• _Assignment_: Please write out all the data exactly as shown.

[Web page caption snippets]
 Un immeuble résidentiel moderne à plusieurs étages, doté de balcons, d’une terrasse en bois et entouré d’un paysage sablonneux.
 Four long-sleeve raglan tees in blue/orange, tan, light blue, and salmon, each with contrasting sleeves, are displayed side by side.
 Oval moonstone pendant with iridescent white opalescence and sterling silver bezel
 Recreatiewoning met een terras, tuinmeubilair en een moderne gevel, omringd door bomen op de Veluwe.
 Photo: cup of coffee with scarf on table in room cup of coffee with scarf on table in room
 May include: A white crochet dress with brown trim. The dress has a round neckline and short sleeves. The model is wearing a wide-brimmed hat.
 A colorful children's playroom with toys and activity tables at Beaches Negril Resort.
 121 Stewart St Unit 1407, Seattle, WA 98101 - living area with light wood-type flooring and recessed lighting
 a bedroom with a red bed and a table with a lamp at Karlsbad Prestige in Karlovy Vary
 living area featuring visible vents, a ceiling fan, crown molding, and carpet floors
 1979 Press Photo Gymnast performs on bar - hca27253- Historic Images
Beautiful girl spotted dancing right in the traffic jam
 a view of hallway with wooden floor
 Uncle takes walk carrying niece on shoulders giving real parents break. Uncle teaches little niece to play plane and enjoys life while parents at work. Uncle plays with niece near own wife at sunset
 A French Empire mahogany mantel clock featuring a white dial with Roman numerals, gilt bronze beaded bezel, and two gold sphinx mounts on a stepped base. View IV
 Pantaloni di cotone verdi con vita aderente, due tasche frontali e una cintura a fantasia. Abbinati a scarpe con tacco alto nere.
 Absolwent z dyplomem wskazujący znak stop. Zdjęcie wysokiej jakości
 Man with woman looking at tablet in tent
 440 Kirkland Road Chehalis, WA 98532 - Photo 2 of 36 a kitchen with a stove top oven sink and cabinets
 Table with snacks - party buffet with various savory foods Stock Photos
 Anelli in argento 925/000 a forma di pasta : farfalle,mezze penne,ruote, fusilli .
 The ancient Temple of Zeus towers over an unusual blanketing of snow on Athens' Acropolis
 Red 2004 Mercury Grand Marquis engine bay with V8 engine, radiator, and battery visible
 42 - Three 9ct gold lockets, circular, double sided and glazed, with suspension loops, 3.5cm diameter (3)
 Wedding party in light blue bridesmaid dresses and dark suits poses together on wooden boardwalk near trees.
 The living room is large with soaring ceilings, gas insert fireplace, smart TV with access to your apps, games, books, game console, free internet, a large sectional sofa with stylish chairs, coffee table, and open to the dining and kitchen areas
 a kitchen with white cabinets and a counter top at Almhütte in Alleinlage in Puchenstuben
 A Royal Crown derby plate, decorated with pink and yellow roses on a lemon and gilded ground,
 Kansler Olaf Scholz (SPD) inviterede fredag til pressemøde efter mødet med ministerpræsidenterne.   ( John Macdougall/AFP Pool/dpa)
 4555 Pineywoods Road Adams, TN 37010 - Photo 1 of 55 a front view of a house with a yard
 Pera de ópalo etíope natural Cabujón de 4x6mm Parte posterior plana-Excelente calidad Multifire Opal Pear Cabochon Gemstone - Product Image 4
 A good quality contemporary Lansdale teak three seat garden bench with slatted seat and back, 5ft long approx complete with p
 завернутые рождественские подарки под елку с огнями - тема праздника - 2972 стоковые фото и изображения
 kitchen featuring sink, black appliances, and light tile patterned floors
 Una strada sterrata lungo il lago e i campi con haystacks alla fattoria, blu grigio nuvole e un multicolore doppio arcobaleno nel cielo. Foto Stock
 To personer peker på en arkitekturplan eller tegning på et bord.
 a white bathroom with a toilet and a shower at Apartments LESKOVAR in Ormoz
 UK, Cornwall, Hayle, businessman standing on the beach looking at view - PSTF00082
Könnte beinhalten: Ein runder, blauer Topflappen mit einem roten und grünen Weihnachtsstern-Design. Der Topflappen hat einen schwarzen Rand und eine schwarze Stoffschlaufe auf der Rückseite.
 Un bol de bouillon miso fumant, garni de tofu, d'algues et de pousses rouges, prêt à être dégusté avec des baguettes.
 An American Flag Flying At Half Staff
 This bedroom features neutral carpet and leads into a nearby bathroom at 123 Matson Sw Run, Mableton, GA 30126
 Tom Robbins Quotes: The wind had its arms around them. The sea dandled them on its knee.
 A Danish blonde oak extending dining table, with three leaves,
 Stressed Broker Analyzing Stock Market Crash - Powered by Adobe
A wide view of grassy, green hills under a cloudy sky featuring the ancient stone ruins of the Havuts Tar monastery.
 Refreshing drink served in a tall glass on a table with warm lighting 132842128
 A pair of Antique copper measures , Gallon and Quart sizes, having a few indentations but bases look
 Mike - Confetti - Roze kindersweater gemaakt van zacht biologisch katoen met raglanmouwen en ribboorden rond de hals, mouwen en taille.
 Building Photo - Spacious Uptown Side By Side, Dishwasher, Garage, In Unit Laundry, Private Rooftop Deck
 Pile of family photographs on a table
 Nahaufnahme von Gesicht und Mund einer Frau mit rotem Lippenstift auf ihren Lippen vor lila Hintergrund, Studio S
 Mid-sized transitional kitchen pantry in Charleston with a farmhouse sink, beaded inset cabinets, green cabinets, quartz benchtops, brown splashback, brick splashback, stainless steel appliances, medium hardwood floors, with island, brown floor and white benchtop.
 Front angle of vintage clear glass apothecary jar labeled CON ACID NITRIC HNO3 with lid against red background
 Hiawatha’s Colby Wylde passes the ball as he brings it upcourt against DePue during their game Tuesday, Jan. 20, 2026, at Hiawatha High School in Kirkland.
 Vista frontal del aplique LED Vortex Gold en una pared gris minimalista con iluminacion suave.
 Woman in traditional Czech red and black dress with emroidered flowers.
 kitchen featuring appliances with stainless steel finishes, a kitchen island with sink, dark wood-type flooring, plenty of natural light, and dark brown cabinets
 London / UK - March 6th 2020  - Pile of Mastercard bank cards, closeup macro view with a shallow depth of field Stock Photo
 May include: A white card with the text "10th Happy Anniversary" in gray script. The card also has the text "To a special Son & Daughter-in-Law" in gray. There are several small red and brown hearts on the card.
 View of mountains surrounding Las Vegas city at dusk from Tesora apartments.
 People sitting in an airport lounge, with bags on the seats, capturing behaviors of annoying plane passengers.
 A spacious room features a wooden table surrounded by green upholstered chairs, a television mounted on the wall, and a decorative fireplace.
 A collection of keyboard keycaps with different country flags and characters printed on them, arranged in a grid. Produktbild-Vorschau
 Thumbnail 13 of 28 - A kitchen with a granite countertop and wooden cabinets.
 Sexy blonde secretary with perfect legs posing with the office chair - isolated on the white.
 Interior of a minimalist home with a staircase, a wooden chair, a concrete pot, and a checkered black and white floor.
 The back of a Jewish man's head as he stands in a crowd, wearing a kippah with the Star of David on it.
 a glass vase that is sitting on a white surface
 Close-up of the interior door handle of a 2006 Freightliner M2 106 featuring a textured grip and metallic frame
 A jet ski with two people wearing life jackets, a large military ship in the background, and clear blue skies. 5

• _Reply_:
 Un immeuble résidentiel moderne à plusieurs étages, doté de balcons, d’une terrasse en bois et entouré d’un paysage sablonneux.
 Four long-sleeve raglan tees in blue/orange, tan, light blue, and salmon, each with contrasting sleeves, are displayed side by side.
 Oval moonstone pendant with iridescent white opalescence and sterling silver bezel
 Recreatiewoning met een terras, tuinmeubilair en een moderne gevel, omringd door bomen op de Veluwe.
 Photo: cup of coffee with scarf on table in room cup of coffee with scarf on table in room
 May include: A white crochet dress with brown trim. The dress has a round neckline and short sleeves. The model is wearing a wide-brimmed hat.
 A colorful children's playroom with toys and activity tables at Beaches Negril Resort.
 121 Stewart St Unit 1407, Seattle, WA 98101 - living area with light wood-type flooring and recessed lighting
 a bedroom with a red bed and a table with a lamp at Karlsbad Prestige in Karlovy Vary
 living area featuring visible vents, a ceiling fan, crown molding, and carpet floors
 1979 Press Photo Gymnast performs on bar - hca27253- Historic Images
Beautiful girl spotted dancing right in the traffic jam
 a view of hallway with wooden floor
 Uncle takes walk carrying niece on shoulders giving real parents break. Uncle teaches little niece to play plane and enjoys life while parents at work. Uncle plays with niece near own wife at sunset
 A French Empire mahogany mantel clock featuring a white dial with Roman numerals, gilt bronze beaded bezel, and two gold sphinx mounts on a stepped base. View IV
 Pantaloni di cotone verdi con vita aderente, due tasche frontali e una cintura a fantasia. Abbinati a scarpe con tacco alto nere.
 Absolwent z dyplomem wskazujący znak stop. Zdjęcie wysokiej jakości
 Man with woman looking at tablet in tent
 440 Kirkland Road Chehalis, WA 98532 - Photo 2 of 36 a kitchen with a stove top oven sink and cabinets
 Table with snacks - party buffet with various savory foods Stock Photos
 Anelli in argento 925/000 a forma di pasta : farfalle,mezze penne,ruote, fusilli .
 The ancient Temple of Zeus towers over an unusual blanketing of snow on Athens' Acropolis
 Red 2004 Mercury Grand Marquis engine bay with V8 engine, radiator, and battery visible
 42 - Three 9ct gold lockets, circular, double sided and glazed, with suspension loops, 3.5cm diameter (3)
 Wedding party in light blue bridesmaid dresses and dark suits poses together on wooden boardwalk near trees.
 The living room is large with soaring ceilings, gas insert fireplace, smart TV with access to your apps, games, books, game console, free internet, a large sectional sofa with stylish chairs, coffee table, and open to the dining and kitchen areas
 a kitchen with white cabinets and a counter top at Almhütte in Alleinlage in Puchenstuben
 A Royal Crown derby plate, decorated with pink and yellow roses on a lemon and gilded ground,
 Kansler Olaf Scholz (SPD) inviterede fredag til pressemøde efter mødet med ministerpræsidenterne.   ( John Macdougall/AFP Pool/dpa)
 4555 Pineywoods Road Adams, TN 37010 - Photo 1 of 55 a front view of a house with a yard
 Pera de ópalo etíope natural Cabujón de 4x6mm Parte posterior plana-Excelente calidad Multifire Opal Pear Cabochon Gemstone - Product Image 4
 A good quality contemporary Lansdale teak three seat garden bench with slatted seat and back, 5ft long approx complete with p
 завернутые рождественские подарки под елку с огнями - тема праздника - 2972 стоковые фото и изображения
 kitchen featuring sink, black appliances, and light tile patterned floors
 Una strada sterrata lungo il lago e i campi con haystacks alla fattoria, blu grigio nuvole e un multicolore doppio arcobaleno nel cielo. Foto Stock
 To personer peker på en arkitekturplan eller tegning på et bord.
 a white bathroom with a toilet and a shower at Apartments LESKOVAR in Ormoz
 UK, Cornwall, Hayle, businessman standing on the beach looking at view - PSTF00082
Könnte beinhalten: Ein runder, blauer Topflappen mit einem roten und grünen Weihnachtsstern-Design. Der Topflappen hat einen schwarzen Rand und eine schwarze Stoffschlaufe auf der Rückseite.
 Un bol de bouillon miso fumant, garni de tofu, d'algues et de pousses rouges, prêt à être dégusté avec des baguettes.
 An American Flag Flying At Half Staff
 This bedroom features neutral carpet and leads into a nearby bathroom at 123 Matson Sw Run, Mableton, GA 30126
 Tom Robbins Quotes: The wind had its arms around them. The sea dandled them on its knee.
 A Danish blonde oak extending dining table, with three leaves,
 Stressed Broker Analyzing Stock Market Crash - Powered by Adobe
A wide view of grassy, green hills under a cloudy sky featuring the ancient stone ruins of the Havuts Tar monastery.
 Refreshing drink served in a tall glass on a table with warm lighting 132842128
 A pair of Antique copper measures , Gallon and Quart sizes, having a few indentations but bases look
 Mike - Confetti - Roze kindersweater gemaakt van zacht biologisch katoen met raglanmouwen en ribboorden rond de hals, mouwen en taille.
 Building Photo - Spacious Uptown Side By Side, Dishwasher, Garage, In Unit Laundry, Private Rooftop Deck
 Pile of family photographs on a table
 Nahaufnahme von Gesicht und Mund einer Frau mit rotem Lippenstift auf ihren Lippen vor lila Hintergrund, Studio S
 Mid-sized transitional kitchen pantry in Charleston with a farmhouse sink, beaded inset cabinets, green cabinets, quartz benchtops, brown splashback, brick splashback, stainless steel appliances, medium hardwood floors, with island, brown floor and white benchtop.
 Front angle of vintage clear glass apothecary jar labeled CON ACID NITRIC HNO3 with lid against red background
 Hiawatha’s Colby Wylde passes the ball as he brings it upcourt against DePue during their game Tuesday, Jan. 20, 2026, at Hiawatha High School in Kirkland.
 Vista frontal del aplique LED Vortex Gold en una pared gris minimalista con iluminacion suave.
 Woman in traditional Czech red and black dress with emroidered flowers.
 kitchen featuring appliances with stainless steel finishes, a kitchen island with sink, dark wood-type flooring, plenty of natural light, and dark brown cabinets
 London / UK - March 6th 2020  - Pile of Mastercard bank cards, closeup macro view with a shallow depth of field Stock Photo
 May include: A white card with the text "10th Happy Anniversary" in gray script. The card also has the text "To a special Son & Daughter-in-Law" in gray. There are several small red and brown hearts on the card.
 View of mountains surrounding Las Vegas city at dusk from Tesora apartments.
 People sitting in an airport lounge, with bags on the seats, capturing behaviors of annoying plane passengers.
 A spacious room features a wooden table surrounded by green upholstered chairs, a television mounted on the wall, and a decorative fireplace.
 A collection of keyboard keycaps with different country flags and characters printed on them, arranged in a grid. Produktbild-Vorschau
 Thumbnail 13 of 28 - A kitchen with a granite countertop and wooden cabinets.
 Sexy blonde secretary with perfect legs posing with the office chair - isolated on the white.
 Interior of a minimalist home with a staircase, a wooden chair, a concrete pot, and a checkered black and white floor.
 The back of a Jewish man's head as he stands in a crowd, wearing a kippah with the Star of David on it.
 a glass vase that is sitting on a white surface
 Close-up of the interior door handle of a 2006 Freightliner M2 106 featuring a textured grip and metallic frame
 A jet ski with two people wearing life jackets, a large military ship in the background, and clear blue skies. 5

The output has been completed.